Note: This article was not submitted to ExultX Spotlight by the authors. However, due to its relevance, we have decided to share it with our community. This text is a commentary on the original article, attempting to highlight the key points. For a more thorough and complete understanding of the content, we strongly recommend everyone to read the original article.
All rights to the findings belong to the authors of the article. Responsibility for the commentary lies with ExultX.
Musculoskeletal injuries (MSKIs) are a major issue in the military, affecting readiness, performance, and costing billions annually. These injuries, often caused by repetitive, high-impact activities like marching and running, have led to the use of interventions such as foot orthoses, shock-absorbing insoles, and other prescribed footwear. While these may improve foot mechanics, their effectiveness in preventing injuries, particularly in military personnel who face unique physical demands and a “mission-first” culture, remains unclear. This review investigates whether prescribed footwear and orthoses reduce lower limb injury risks in military tactical athletes.
1. Description of the Methodology
The study design was a systematic review with meta-analysis. Databases including MEDLINE, Embase, Web of Science, and others were searched for randomised controlled trials (RCTs) comparing prescribed footwear or orthoses with placebo or no treatment. Eligible studies focused on military tactical athletes and reported injury numbers, population sizes, and study durations. Systematic reviews, retrospective studies, or non-randomised trials were excluded. Data analysis included the calculation of relative risk (RR), cumulative incidence, and heterogeneity of outcomes. Subgroup analyses assessed different types of interventions such as orthoses, insoles, and footwear. The risk of bias was assessed using the Cochrane Collaboration tool. A sensitivity analysis and funnel plot were conducted to evaluate reporting bias.
2. Key Takeaways
No Consistent Benefits: The meta-analysis did not demonstrate significant protective effects of prescribed footwear or orthoses on lower extremity MSKIs in military personnel.
Heterogeneity in Findings: Subgroup analyses and individual studies occasionally showed minor effects, but results were inconsistent and lacked generalisability.
High Bias Risk: Many studies exhibited methodological limitations, including inadequate blinding, unclear randomisation, and attrition biases.
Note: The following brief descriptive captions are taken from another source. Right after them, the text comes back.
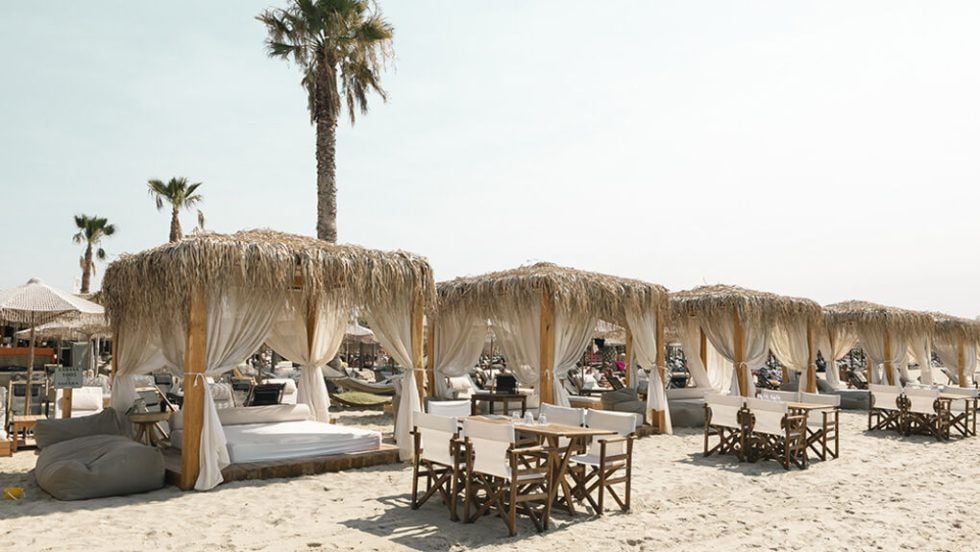 Τμήμα του beach bar στη «Σαχάρα»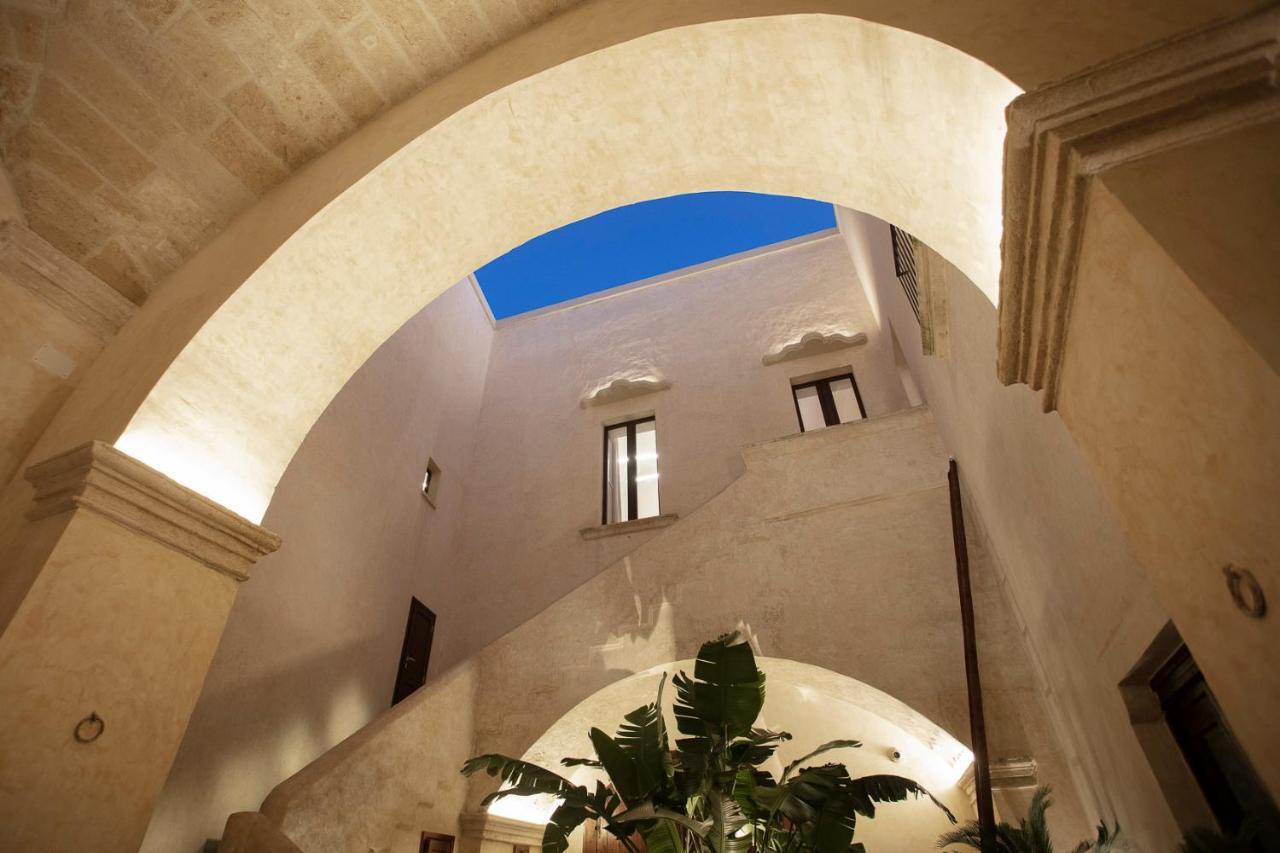 Palazzo Donna Titi Bed and Breakfast Nardò Buitenkant foto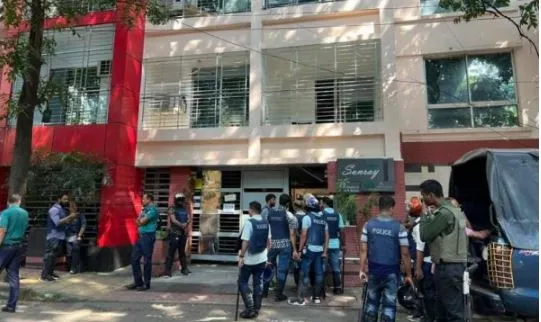আমীর খসরুর বাসা ঘিরে রেখেছে পুলিশ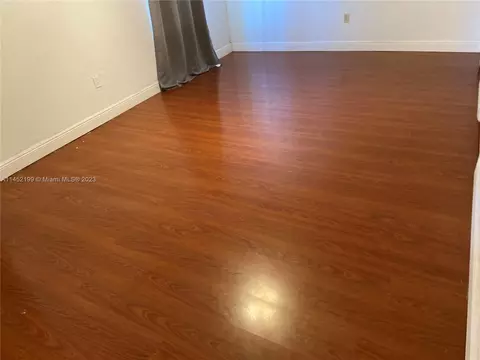 921 W 79th Pl #921, Hialeah, FL 33014 photo 5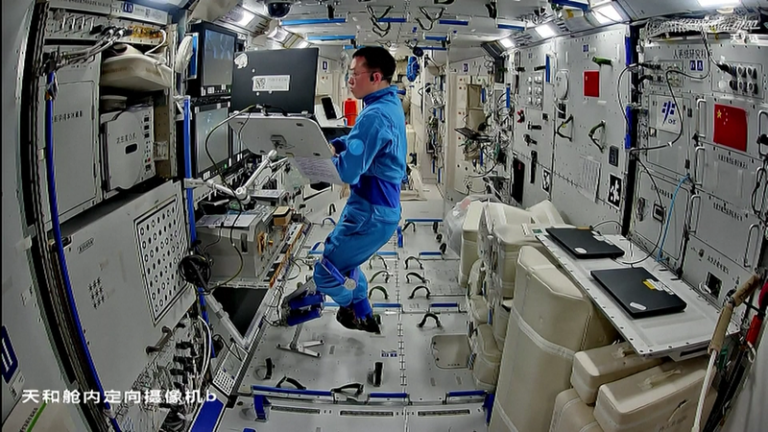 神舟21号、天宮で宇宙医学を加速　尿分析と脳波で長期滞在の影響探る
Current Recommendations: Prescribed footwear and orthoses do not seem to have a preventative effect on lower quarter MSKIs in military personnel. Most of the studies included in the review that prescribed these interventions did not account for the individual characteristics or specific needs of the military members. As a result, the broad application of these non-specific interventions in these studies cannot be recommended for use.
3. Day-to-Day Applications
Clinical Practice: It is advisable for clinicians to exercise caution when considering the prescription of generic orthoses or footwear for injury prevention in military personnel. A more tailored approach, involving individual assessments and attention to specific needs, may be more beneficial.
Policy Development: Military organisations may wish to reassess policies that promote the widespread prescription of universal footwear or orthoses, and instead consider investing in more targeted prevention strategies.
Research Needs: Future studies should adopt robust methodologies to explore injury prevention strategies tailored to military-specific demands.